Brief descriptive captions

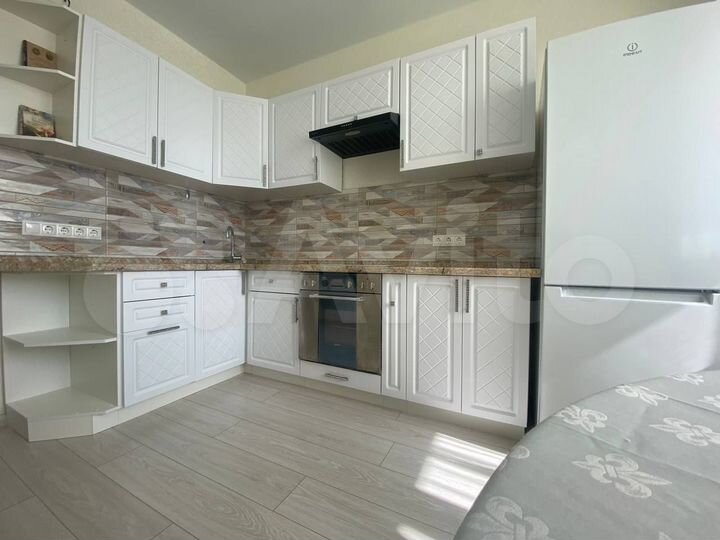 1-к. квартира, 42 м², 18/22 эт.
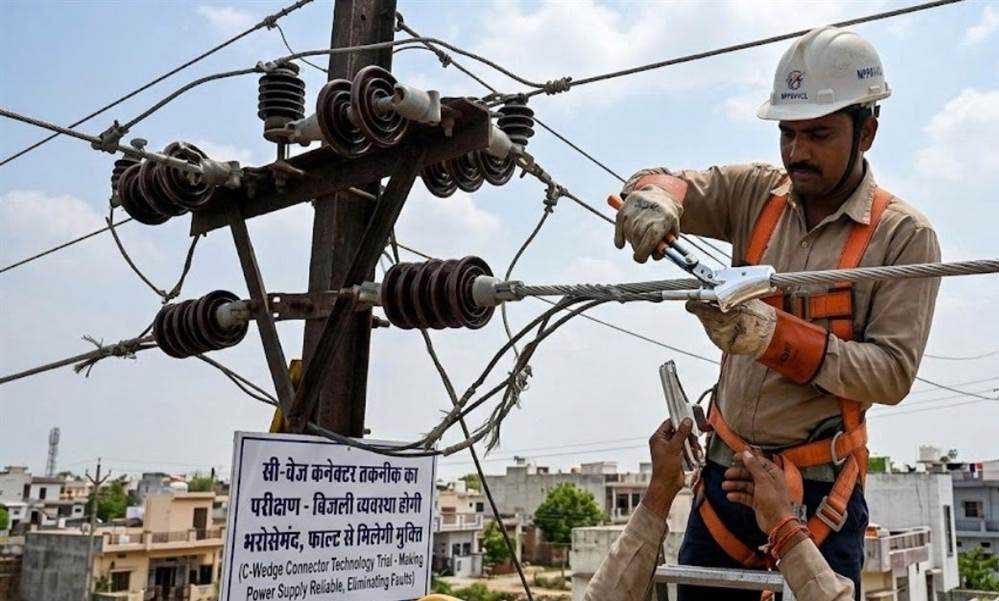 मध्य प्रदेश में बिजली व्यवस्था होगी और मजबूत! HT लाइनों में C-वेज कनेक्टर का पायलट प्रोजेक्ट शुरू
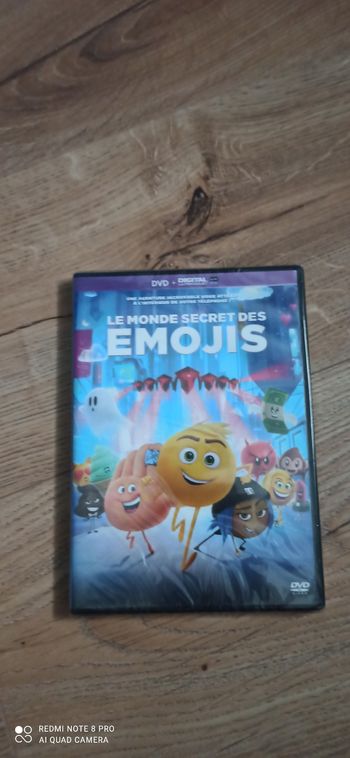 DVD le monde secret des emojis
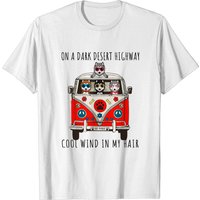 T-shirt avec œuvre d'art de Husky Sibérien sur une route désertique sombre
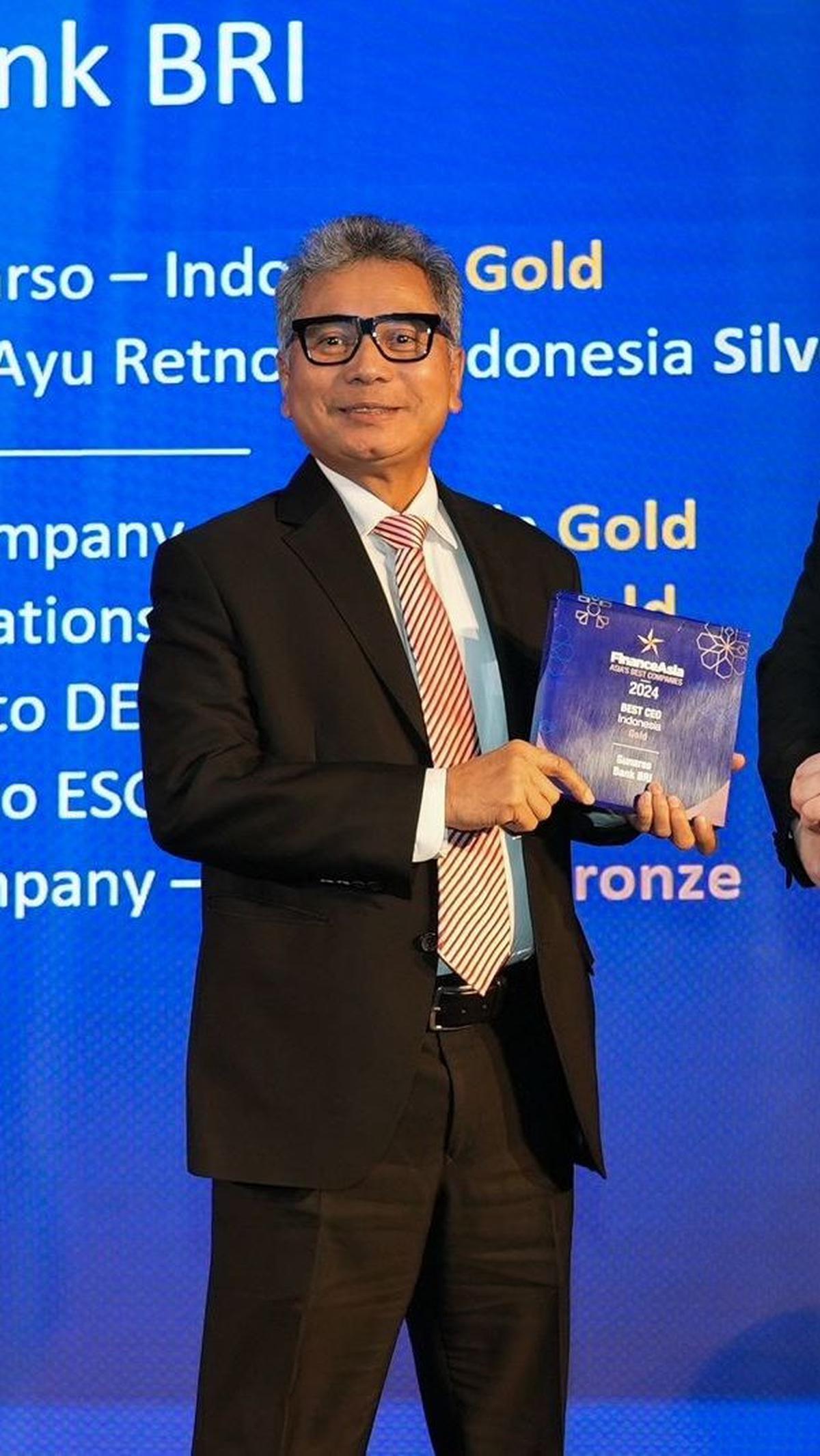 Direktur Utama BRI Sunarso Dinobatkan Sebagai The Best CEO, BRI Borong 11 Penghargaan Internasional Dari Finance Asia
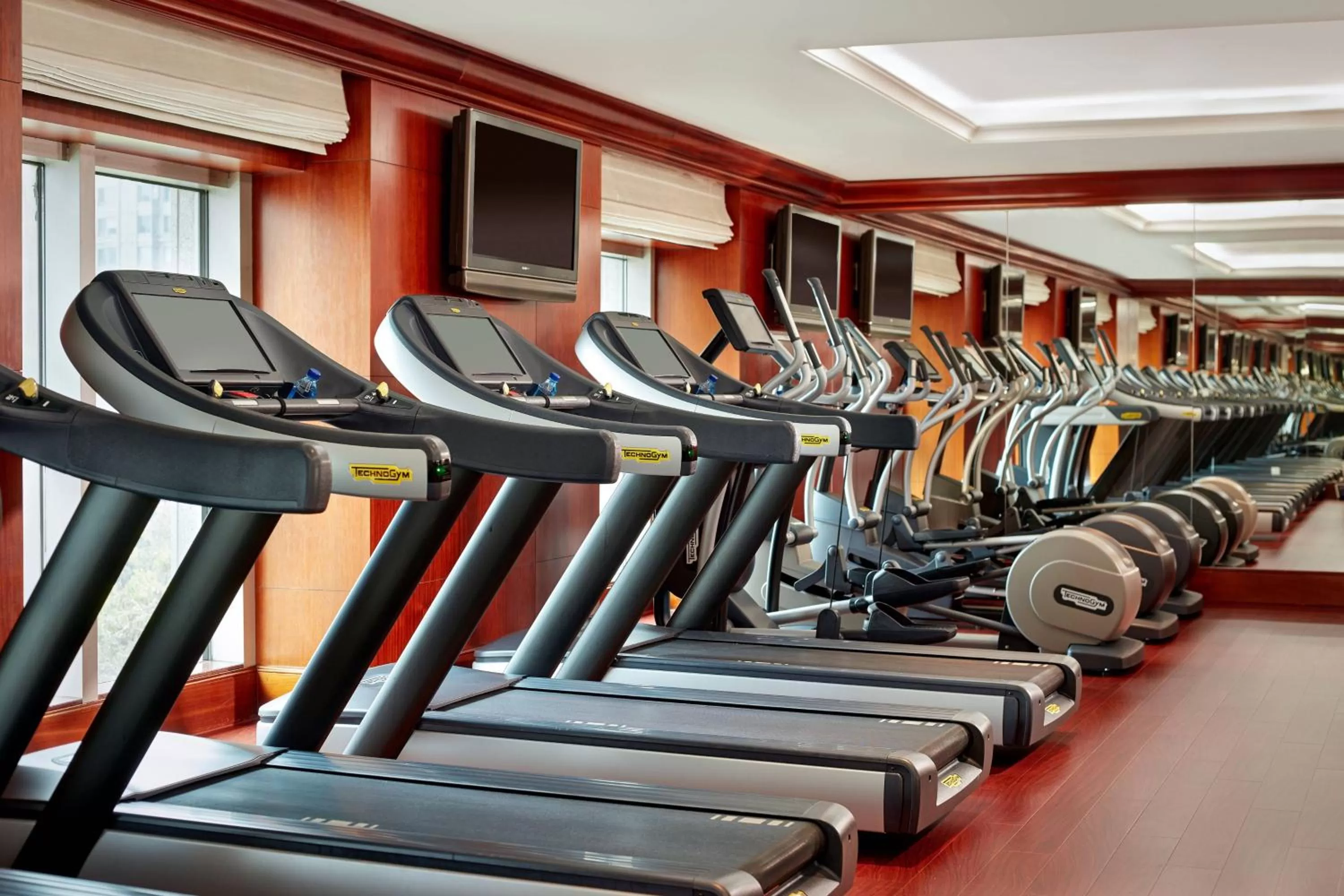 Fitness centre/facilities in The Ritz-Carlton, Guangzhou
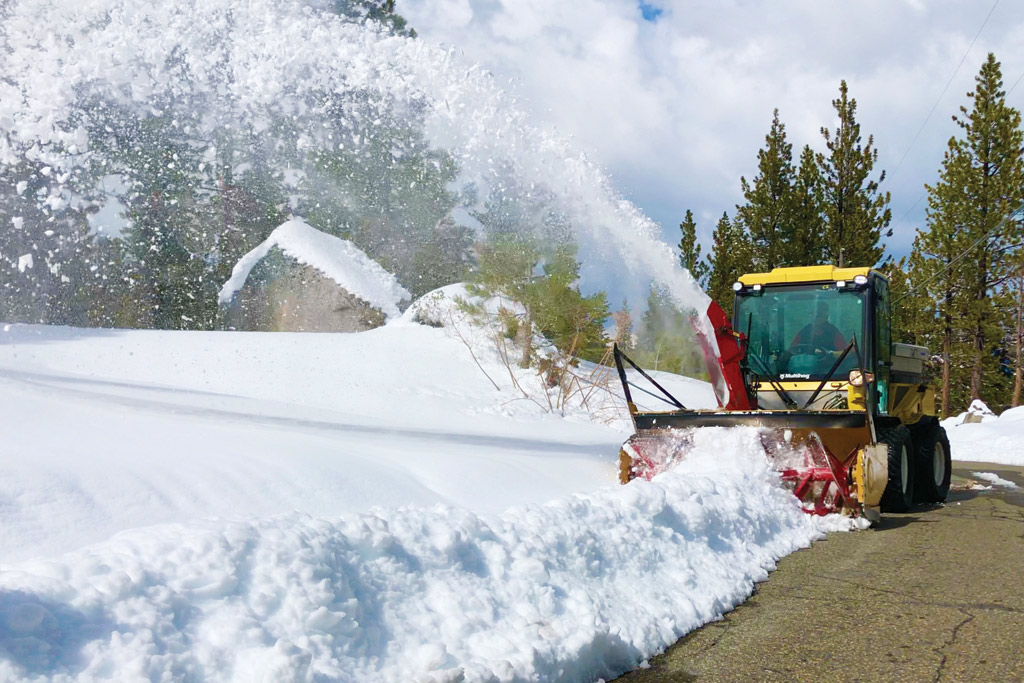 Multihog MH with snow blower in action at Round Hill municipality - feat image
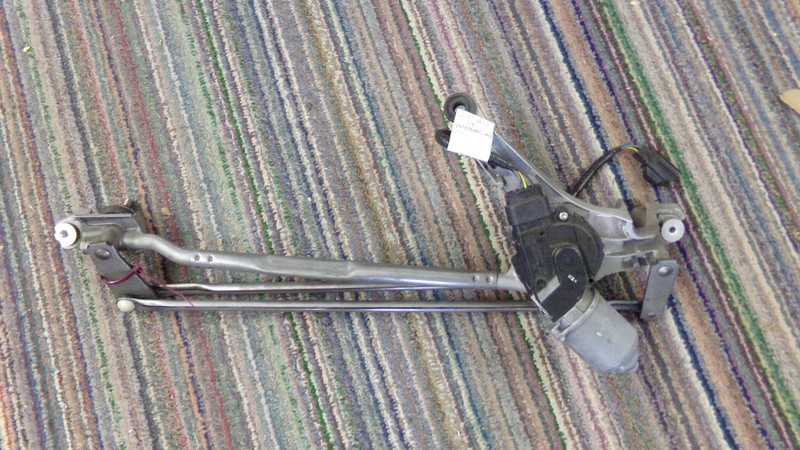 04-06 Cadillac DTS Wiper Motor Front w/ Rod 25753546C AG AX159010-8880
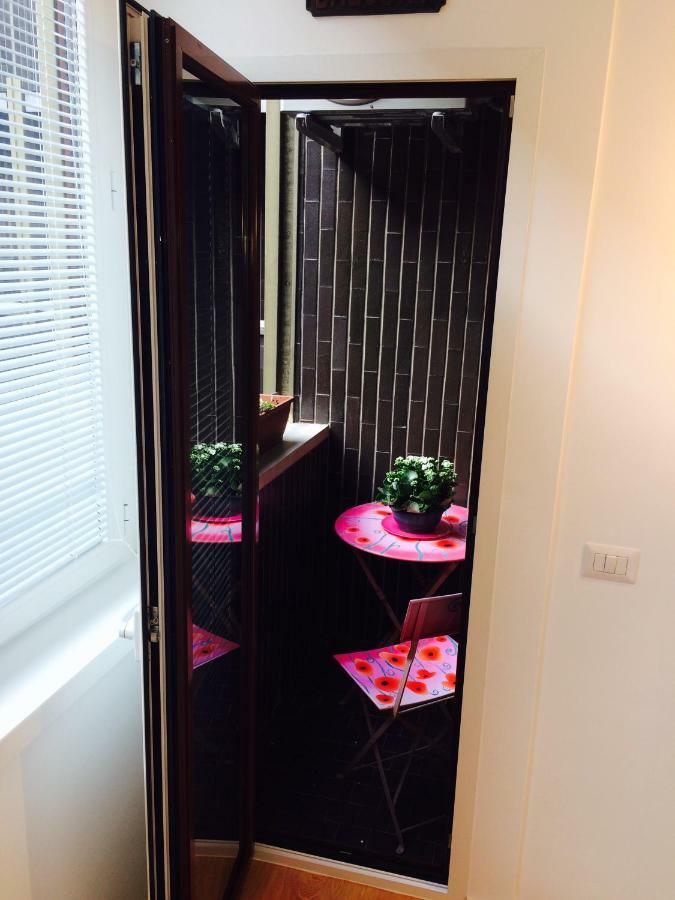 Repubblica One Room Apartment Milan Extérieur photo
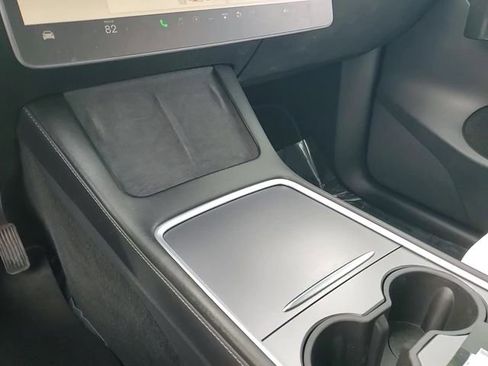 Used 2022 Tesla Model Y Long Range image 23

**ACTIVITY**
Leave out the pictures, and give all the records again exactly.

**TASK ANSWER**
 1-к. квартира, 42 м², 18/22 эт.
 मध्य प्रदेश में बिजली व्यवस्था होगी और मजबूत! HT लाइनों में C-वेज कनेक्टर का पायलट प्रोजेक्ट शुरू
 DVD le monde secret des emojis
 T-shirt avec œuvre d'art de Husky Sibérien sur une route désertique sombre
 Direktur Utama BRI Sunarso Dinobatkan Sebagai The Best CEO, BRI Borong 11 Penghargaan Internasional Dari Finance Asia
 Fitness centre/facilities in The Ritz-Carlton, Guangzhou
 Multihog MH with snow blower in action at Round Hill municipality - feat image
 04-06 Cadillac DTS Wiper Motor Front w/ Rod 25753546C AG AX159010-8880
 Repubblica One Room Apartment Milan Extérieur photo
 Used 2022 Tesla Model Y Long Range image 23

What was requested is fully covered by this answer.